Many of the participants had sat on the sidelines as Stanislaus County's median home price peaked at $396,000 in late 2005. The median since has fallen to $135,000, and foreclosures have soared as home loans went bad.
People at Homeownership Modesto could talk with real estate agents, lenders, government representatives and others involved in housing.
"People that come to these things are a little more motivated than the guy who sits around and watches things," said Michael Campbell of Great Valley Realtors in Modesto, which had a booth.
Buyers should act quickly to get in on the bargains, he added.
"Anything under about $200,000, if it's move-in-ready, is virtually disappearing," Campbell said. "It's not uncommon to have three or four offers, and I've seen up to 11 or 12 on some properties that are really nice."
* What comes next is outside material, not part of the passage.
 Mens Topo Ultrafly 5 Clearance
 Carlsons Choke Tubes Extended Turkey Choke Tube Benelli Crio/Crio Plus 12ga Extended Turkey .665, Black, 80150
Huerta, 30, and Alvarado, 36, live in Modesto and work as surgical assistants. They said prequalifying for a loan was easier than they expected, but the competition in their price range -- up to $135,000 -- is something else.
"You drive up to a house, and there are already five people standing in line," Huerta said.
What about renovations?
Roger and Jessica DeSousa of Turlock, both 28 and the parents of a 1-year-old boy, own a house but are looking for an investment property. Roger, who has a contractor's license along with working at Valley Distributors, said they hope to tap a public program for renovations.
"I'm just trying to find another way to make some extra money," he said. "I would probably rent it out and wait for the market to turn and sell it."
The seminars ranged from basic information, such as estimating how much a family can handle in mortgage payments, to the details on new tax credits and other incentives.
Although plenty of help is out there, buyers need to meet the income standards and other requirements, said Rollie Smith, director of the San Joaquin Valley field office for the U.S. Department of Housing and Urban Development.
"Not everybody can be a homeowner," he said, "and we made a big mistake thinking that they could."
California Mortgage Associates of Modesto, which had a booth at the event, has started its own seminars for first-time buyers, said Brenda Olson, vice president for production.
"It shouldn't be a high-pressure kind of thing," she said. "You should be well-educated before you make a choice on your loan type and your agent, and make sure that what you buy today is going to work for you in the future."